The evolution of a tooltip design

The full circle journey of designing a tooltip that’s both simple and useful.


This content originally appeared on Jonnie Hallman (@destroytoday) and was authored by Jonnie Hallman (@destroytoday)

Time tooltip with slash

Over the holiday weekend, I focused on improving Cushion’s tooltip for the timeline beta. Since I recently finished visualizing tracked time and estimated time in the timeline, I built a tooltip that simply displays the tracked time and estimated time totals with a slash separating them. This was a stop-gap until I could spend more time designing a tooltip that’s both useful and easy to digest.

Tooltip design with progress bar

My immediate plan was to include a progress bar to compare tracked time against estimated time. This would provide a visual in addition to the text-based data. Folks could hover a date range, or narrow in on a date, and instantly tally the number of hours they both worked and estimated. Would this be useful? Well, sure!—it’s more information that people can use for whatever they’d like.

Tooltip design with progress bar and labels

As I built the tooltip, I personally found it confusing as to which number referred to what. Because of this, I added labels for the numbers. The number on the left would be labeled “Tracked” and the number on the right would be “Estimated”. That would make these numbers crystal clear. While building this out, I realized that not all dates would have estimated time, so I needed to fill that spot with some sort of useful data (of course). I decided to use the “workday” preference, which is a set of hours that the person works. Is it useful to see the workday when there’s no estimated time? It should be!—and it fills out the design, so we’re good to go.

Tooltip design with header

Now that I had a couple more labels in the tooltip, the hierarchy of the type felt disorderly. I can’t have a header stacked on labels without anything in-between, so I’d need to separate the header into its own header “bar”. This would draw a clear line between the date range header and the data below it. Should the date range be the “title” of this content? I mean, it could be! And it fits the design, so that makes it work.

Tooltip twitter

View the tweet

At this point, I climbed out of my rabbit hole, and shared the tooltip on Twitter. While I did feel like I was getting somewhere, I also had a spidey sense feeling that the design wasn’t right. The whole tooltip itself felt like a lot. Luckily, a handful of folks gave me their feedback and reiterated my concern. It’s too much.

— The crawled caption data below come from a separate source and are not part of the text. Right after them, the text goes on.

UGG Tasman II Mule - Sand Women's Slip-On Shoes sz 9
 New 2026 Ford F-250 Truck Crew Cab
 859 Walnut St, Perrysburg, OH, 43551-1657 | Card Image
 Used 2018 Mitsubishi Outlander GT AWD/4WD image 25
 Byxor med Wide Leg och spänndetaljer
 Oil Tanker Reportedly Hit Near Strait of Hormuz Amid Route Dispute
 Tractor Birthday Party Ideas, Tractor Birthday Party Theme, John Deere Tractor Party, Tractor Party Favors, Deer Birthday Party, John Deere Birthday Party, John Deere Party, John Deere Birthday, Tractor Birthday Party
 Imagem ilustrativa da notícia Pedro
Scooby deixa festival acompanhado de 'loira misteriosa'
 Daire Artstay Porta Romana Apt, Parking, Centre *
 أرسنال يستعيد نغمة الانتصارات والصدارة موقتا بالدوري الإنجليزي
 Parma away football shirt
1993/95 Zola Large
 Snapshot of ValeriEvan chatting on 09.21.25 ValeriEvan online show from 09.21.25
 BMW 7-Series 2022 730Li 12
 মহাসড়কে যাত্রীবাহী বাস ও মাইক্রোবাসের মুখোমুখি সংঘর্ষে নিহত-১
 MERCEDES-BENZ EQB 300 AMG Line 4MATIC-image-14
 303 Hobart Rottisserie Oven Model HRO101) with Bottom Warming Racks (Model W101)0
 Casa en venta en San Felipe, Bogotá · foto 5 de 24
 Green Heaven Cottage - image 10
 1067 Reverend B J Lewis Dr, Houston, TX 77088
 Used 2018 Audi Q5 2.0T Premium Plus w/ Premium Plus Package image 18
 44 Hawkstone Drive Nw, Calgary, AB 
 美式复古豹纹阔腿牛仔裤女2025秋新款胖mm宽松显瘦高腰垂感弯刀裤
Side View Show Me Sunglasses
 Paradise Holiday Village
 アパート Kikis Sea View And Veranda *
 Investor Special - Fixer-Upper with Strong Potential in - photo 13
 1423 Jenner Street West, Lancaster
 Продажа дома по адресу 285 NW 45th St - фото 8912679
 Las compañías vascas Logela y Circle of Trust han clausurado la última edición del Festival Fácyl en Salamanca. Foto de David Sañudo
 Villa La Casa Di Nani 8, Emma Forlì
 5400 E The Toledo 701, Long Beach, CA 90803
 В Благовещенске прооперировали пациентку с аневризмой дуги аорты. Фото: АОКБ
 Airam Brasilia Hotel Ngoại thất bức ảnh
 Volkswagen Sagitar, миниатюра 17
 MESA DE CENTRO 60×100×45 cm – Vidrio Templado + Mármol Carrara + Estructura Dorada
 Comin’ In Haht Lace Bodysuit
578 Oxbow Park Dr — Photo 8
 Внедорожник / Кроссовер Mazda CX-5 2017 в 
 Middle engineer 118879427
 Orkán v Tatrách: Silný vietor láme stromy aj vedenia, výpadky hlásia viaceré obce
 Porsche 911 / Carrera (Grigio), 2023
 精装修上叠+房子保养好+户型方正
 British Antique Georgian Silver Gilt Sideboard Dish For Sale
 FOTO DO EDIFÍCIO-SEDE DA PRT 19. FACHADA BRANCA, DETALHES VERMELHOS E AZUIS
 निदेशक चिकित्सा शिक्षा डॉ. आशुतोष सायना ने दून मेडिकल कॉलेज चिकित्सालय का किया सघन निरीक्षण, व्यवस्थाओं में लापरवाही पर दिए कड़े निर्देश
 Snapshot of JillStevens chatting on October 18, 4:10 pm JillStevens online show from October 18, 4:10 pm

Using data to fill a design is the exact pitfall I used to fall into with the previous iteration of Cushion. I’d think to myself that someone will find this data useful, and that’s why it’s okay to include it. More often that not, however, this data obscures the real value of what you’re trying to convey. If I show all the time data for a given date range, and the user only wants to see their availability, now they need to do the mental math to calculate that and filter out the rest. Instead, I could be a better designer and design a tooltip that highlights the data they’re most likely interested in.

Tooltip design simple

I decided to go full circle and return the original design, but use the data that’s most relevant given the context of the date range. If a user is hovering a date in the past, Cushion will tally the tracked time. If they’re hovering a date on a project in the future, Cushion will show the estimated time. Or, if the person is hovering a date in the future at the top, Cushion will indicate their availability.

Tooltip simple

All of this data is incredibly useful for different reasons, but it’s even more useful when simplified, easy to digest, and specific to the context. People don’t need to see their tracked time in the future or their availability in the past. I, the designer, can use these facts to design a smarter tooltip that’s still simple. One might think that the overloaded tooltip with the progress bar and labels is the smarter UI, but more often than not, it‘s not. The UI that tells you exactly what you want to know, when you want to know it, is the smart one—even if it’s two lines of text.